[ExI] Why stop at glutamate?

Giovanni Santostasi gsantostasi at gmail.com
Thu Apr 13 19:38:32 UTC 2023


In Physics gravity is considered a negative form of energy (potential) and
kinetic energy is positive. These 2 seem to cancel perfectly out.

https://en.wikipedia.org/wiki/Zero-energy_universe#:~:text=The%20zero%2Denergy%20universe%20hypothesis,in%20the%20form%20of%20gravity
.

Energy and information are strongly related, so yes, one can consider the
idea of negative information. Jason gave some hints about this but also the
idea of anti-particle can be considered a type of anti-information. There
is a way to think about anti-particle where they are holes in a field, so
something absent in a continuum instead of something present with opposite
properties to matter.

But there are a lot of clues that the universe comes from nothing. To me
this is a solution to all the theological problems. There is no god,
because god was not necessary to create the universe. God is complex, the
universe was simple at the beginning so simple to be literally nothing.

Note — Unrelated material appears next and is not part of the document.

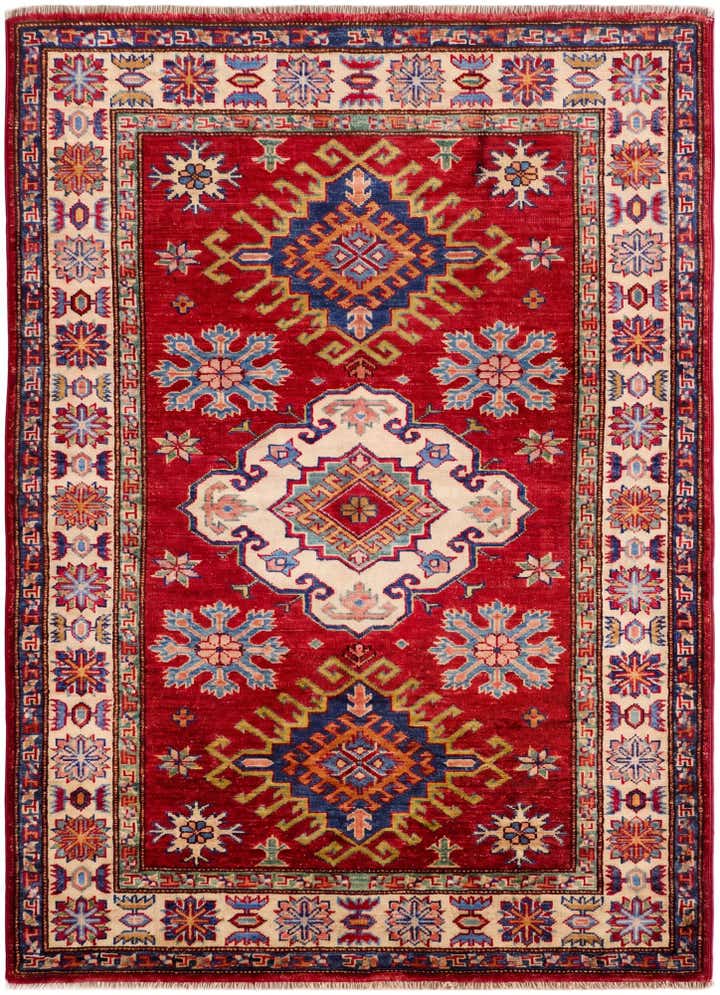 3' 5 x 4' 8 Hand Knotted Kazak Rug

Besides the total energy of the universe is zero there are other clues that
the Universe came from nothing. Consider Noether's theorem. It basically
states that the symmetry we find in nature, like the fact the world doesn't
change if we go left to right, or if we reverse time like a in a movie (the
laws stay the same) give rise to all the conservation laws of physics like
conservation of momentum, angular momentum, energy and so on.
All physics can be rewritten as conservation laws.
There is incredible symmetry in the universe. It is not just in the
macroscopic world but at the QM level. Other esoteric laws like
conservation of charge, conservation of Lepton charge and so on are also
explained as symmetries. In fact symmetry is used as a tool to unify
the different forces of nature and show there is basically one force. We
have succeeded to unify basically 3 of them (EM, weak and strong) and we
are still struggling to unify gravity.
Why so much symmetry?
Think about it, what is the most symmetric entity possible?
Nothing.

And this is why there is zero energy in the universe, the universe is flat
overall, we have perfect conservation laws, and mind-blowing symmetries all
the way down.
A good book to contemplate on these ideas is:

https://www.amazon.com/Universe-Nothing-There-Something-Rather/dp/1451624468

It is a well-known fact among physicists and notwithstanding attempts like
the above to popularize the idea so few non physicists grasp it. Here we
are discussing referents when the entire universe came from nothing. If you
can do it with the entire freaking universe you can do it with anything
else.







On Thu, Apr 13, 2023 at 5:52 AM Jason Resch via extropy-chat <
extropy-chat at lists.extropy.org> wrote:

>
>
> On Thu, Apr 13, 2023, 5:29 AM Ben Zaiboc via extropy-chat <
> extropy-chat at lists.extropy.org> wrote:
>
>>
>> On 13/04/2023 04:49, Giovanni Santostasi wrote:
>> > I want to make a correction to Ben's statement that is Turtles all the
>> > way down. The Turtles go deep but not all the way down. It stops in a
>> > place similar to the way we derive set theory from the null set.
>>
>> Hm, that's interesting. I was thinking about information (in the brain
>> specifically, and other similar machines), and that the informational
>> turtles go round in big complex loops, where every piece of information
>> is relative to other pieces of information, so in that sense there'd be
>> no end.
>>
>> In the wider world, though, I'm sure you're right. I tried to read about
>> information theory, conservation of information, etc., but it just
>> bamboozles me. The idea of the total energy (and presumably,
>> information) in the universe being zero does make sense, though (erm,
>> provided there can be such a thing as 'anti-information'?).
>>
>
> Perhaps that's entropy (uncertainty)? A coin flip, for example, has
> entropy of 1 bit.
>
> The Heisenberg uncertainty principle shows us the more information we
> learn about some properties of a system, the more we must unlearn (make
> uncertain) other aspects of that system.
>
> Information is sometimes described by physicists as negative entropy. QM
> shows that learning information (acquiring negative entropy) requires an
> equal creation of more uncertainty (entropy). So in a way the conversation
> of information might be the deeper principle behind the second law of
> thermodynamics and the conservation of energy.